This thread has been locked.

If you have a related question, please click the "Ask a related question" button in the top right corner. The newly created question will be automatically linked to this question.

MSP432E401Y: Software Crash due to Mutex in CCS/TIRTOS

Part Number: MSP432E401Y
Other Parts Discussed in Thread: SYSBIOS

Hi,

Microcontroller : MSP432E401Y

Using CCS Tool

 

The Software is running smoothly when it is configured to debug mode.

But when we try to configure to release mode after few minutes it is getting hang.

 

We are getting issue from Mutex.

While doing this, I was observing in R0V window. I am attaching the error which popped up.

 

Can anyone please help me to resolve this unexpected behavior.

 

Thanks & Regards

Ashwini Kumar

  • These can be a bit tricky to debug when they just stop. Are you able to:

    1) Suspend debug and see where the code is running - is it stuck somewhere?

    2) Can you see the Task, detailed option in ROV?

    Best regards

    Jim

  • The Software is running smoothly when it is configured to debug mode.

    But when we try to configure to release mode after few minutes it is getting hang.

    Please carefully check the differences between the two configurations regarding the build options. Typically the difference is mostly related to optimization (The "release" configuration usually has more optimization enabled, but this can vary depending on the project) but there may be something else missing that is required.

    Thanks

    ki

  • yeah code got stuck in queue.c. I am attaching the image where it got stuck.I was monitoring the task , so got to know from which task it got stuck.

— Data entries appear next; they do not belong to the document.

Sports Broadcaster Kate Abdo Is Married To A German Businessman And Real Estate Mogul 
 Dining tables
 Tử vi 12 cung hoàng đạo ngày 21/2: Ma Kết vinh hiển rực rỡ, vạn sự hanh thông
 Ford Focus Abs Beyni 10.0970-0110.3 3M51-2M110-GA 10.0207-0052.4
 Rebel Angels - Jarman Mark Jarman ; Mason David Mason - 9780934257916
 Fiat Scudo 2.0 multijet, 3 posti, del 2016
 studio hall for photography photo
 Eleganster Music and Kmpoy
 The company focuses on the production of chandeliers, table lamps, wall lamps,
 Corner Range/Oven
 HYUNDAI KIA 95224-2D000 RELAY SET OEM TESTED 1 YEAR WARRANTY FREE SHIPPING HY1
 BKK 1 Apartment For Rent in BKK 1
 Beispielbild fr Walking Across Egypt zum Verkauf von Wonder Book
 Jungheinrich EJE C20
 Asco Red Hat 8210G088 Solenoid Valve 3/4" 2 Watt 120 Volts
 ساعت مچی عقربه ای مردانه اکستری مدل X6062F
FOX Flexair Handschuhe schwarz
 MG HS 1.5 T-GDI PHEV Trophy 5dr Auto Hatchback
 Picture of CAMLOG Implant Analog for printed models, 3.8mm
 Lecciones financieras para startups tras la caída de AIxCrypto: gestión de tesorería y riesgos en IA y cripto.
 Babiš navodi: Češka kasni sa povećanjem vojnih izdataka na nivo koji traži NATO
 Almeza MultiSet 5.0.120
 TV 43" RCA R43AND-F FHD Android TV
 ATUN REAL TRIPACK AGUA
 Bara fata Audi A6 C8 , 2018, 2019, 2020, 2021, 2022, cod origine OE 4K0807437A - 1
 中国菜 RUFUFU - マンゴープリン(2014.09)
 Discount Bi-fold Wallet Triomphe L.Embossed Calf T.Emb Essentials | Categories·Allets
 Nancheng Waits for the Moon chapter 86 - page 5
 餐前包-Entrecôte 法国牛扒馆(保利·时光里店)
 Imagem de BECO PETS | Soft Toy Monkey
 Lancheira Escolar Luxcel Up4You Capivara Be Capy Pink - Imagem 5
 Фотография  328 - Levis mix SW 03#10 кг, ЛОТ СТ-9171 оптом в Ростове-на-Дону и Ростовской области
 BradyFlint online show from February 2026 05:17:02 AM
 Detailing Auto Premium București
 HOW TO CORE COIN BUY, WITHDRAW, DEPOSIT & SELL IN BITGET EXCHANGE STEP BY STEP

    Then in that task i commented mutex and it started running smoothly. But didnt't understood why this unexpected behaviour.

  • Hi,

    I checked the difference and found the release was having optimization and in dubug no optimization is used.

    When i remove the optimization then in "release build" it works smoothly.

    The code used to get stuck in queue.c. I have attached the image in previous reply.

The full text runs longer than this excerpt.